The answer should match the entries below word for word, minus their pictures.

Scraped caption text data:
=== Begin Enclosure ===
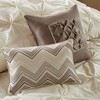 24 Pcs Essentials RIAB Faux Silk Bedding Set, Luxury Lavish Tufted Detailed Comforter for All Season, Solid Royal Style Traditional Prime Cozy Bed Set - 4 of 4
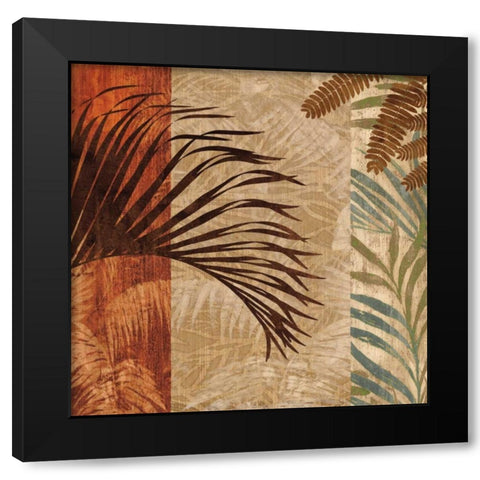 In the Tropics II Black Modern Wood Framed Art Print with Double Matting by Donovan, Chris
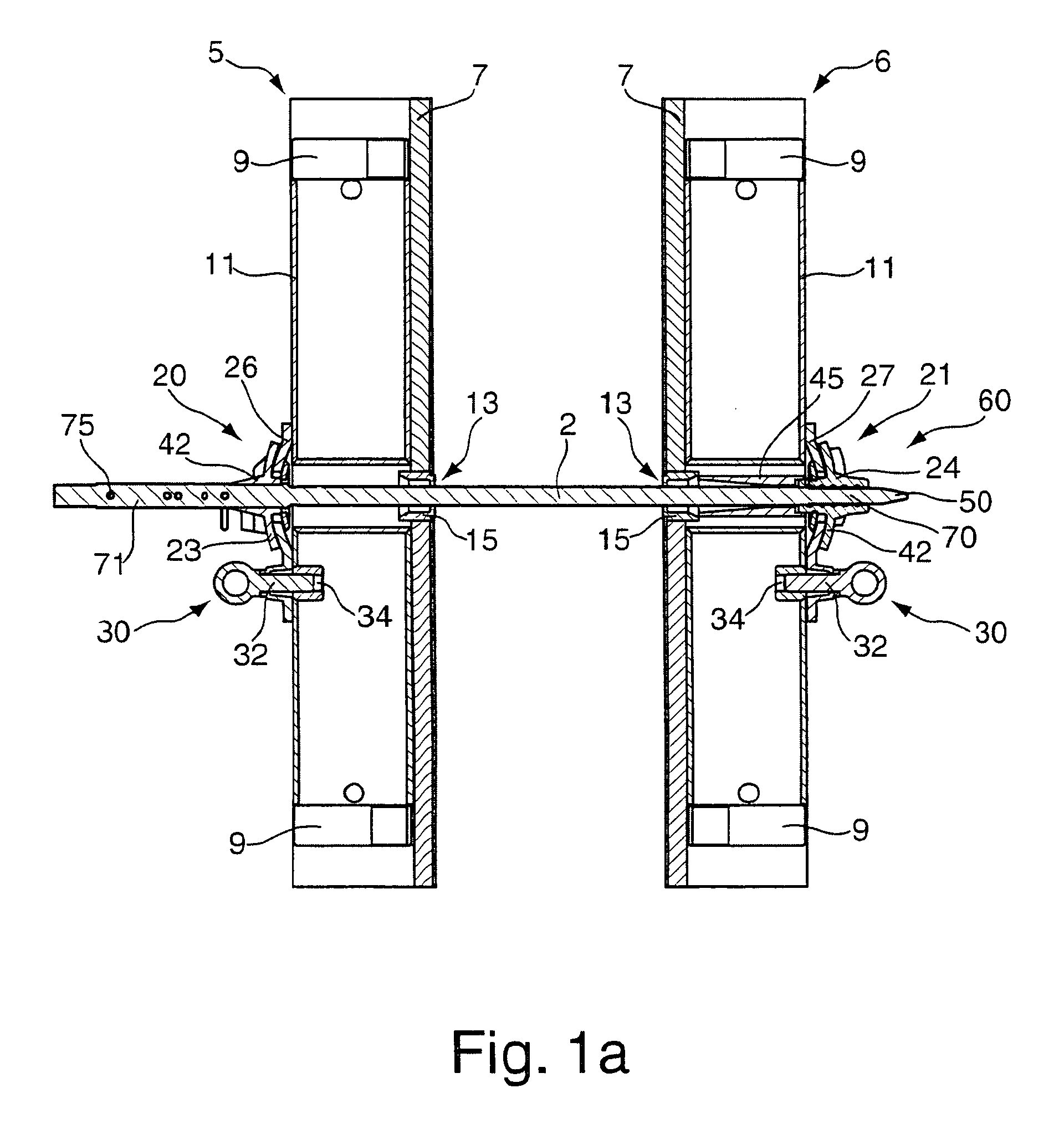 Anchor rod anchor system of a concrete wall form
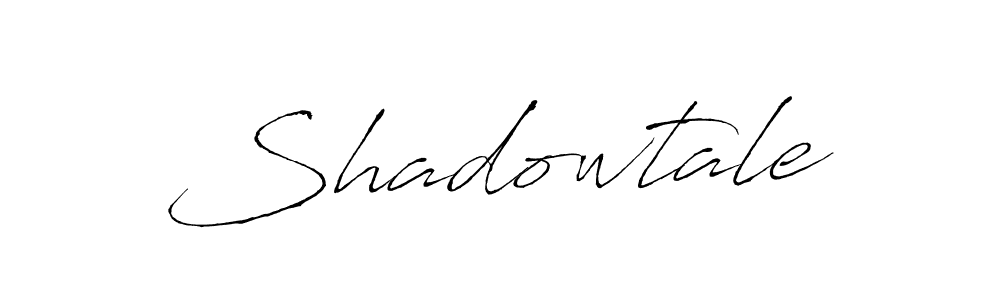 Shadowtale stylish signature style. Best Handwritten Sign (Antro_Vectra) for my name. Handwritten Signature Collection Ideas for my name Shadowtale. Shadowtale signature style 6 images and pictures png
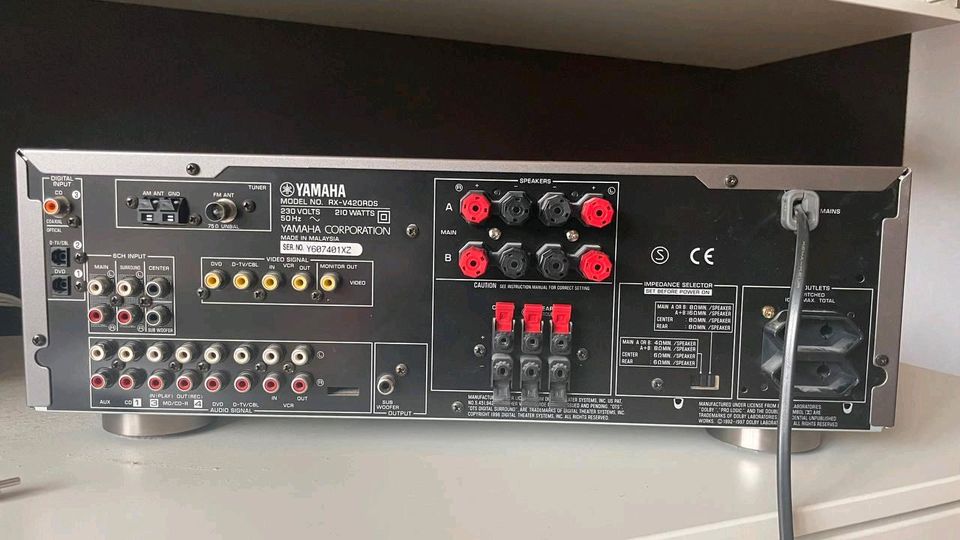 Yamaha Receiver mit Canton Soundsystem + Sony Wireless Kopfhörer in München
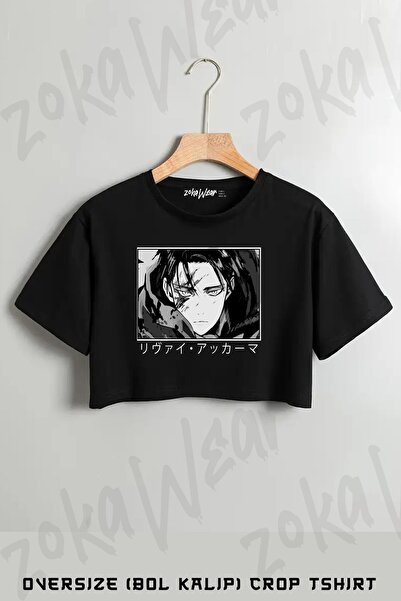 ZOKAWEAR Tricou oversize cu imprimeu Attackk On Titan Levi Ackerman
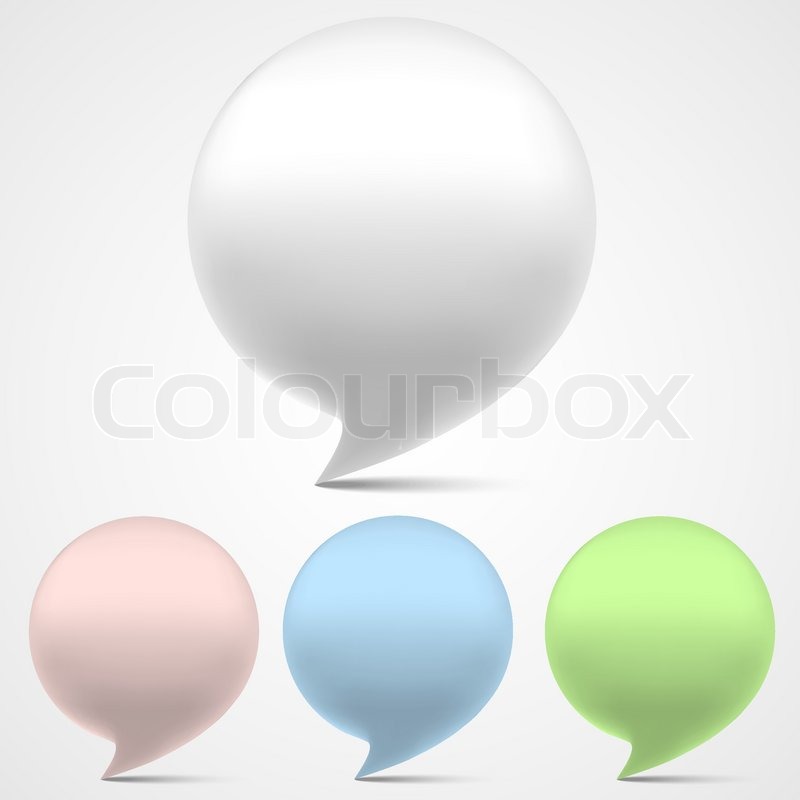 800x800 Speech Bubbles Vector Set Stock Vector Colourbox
=== End Enclosure ===
▶ **PROBLEM SOLUTION**:
 24 Pcs Essentials RIAB Faux Silk Bedding Set, Luxury Lavish Tufted Detailed Comforter for All Season, Solid Royal Style Traditional Prime Cozy Bed Set - 4 of 4
 In the Tropics II Black Modern Wood Framed Art Print with Double Matting by Donovan, Chris
 Anchor rod anchor system of a concrete wall form
 Shadowtale stylish signature style. Best Handwritten Sign (Antro_Vectra) for my name. Handwritten Signature Collection Ideas for my name Shadowtale. Shadowtale signature style 6 images and pictures png
 Yamaha Receiver mit Canton Soundsystem + Sony Wireless Kopfhörer in München
 ZOKAWEAR Tricou oversize cu imprimeu Attackk On Titan Levi Ackerman
 800x800 Speech Bubbles Vector Set Stock Vector Colourbox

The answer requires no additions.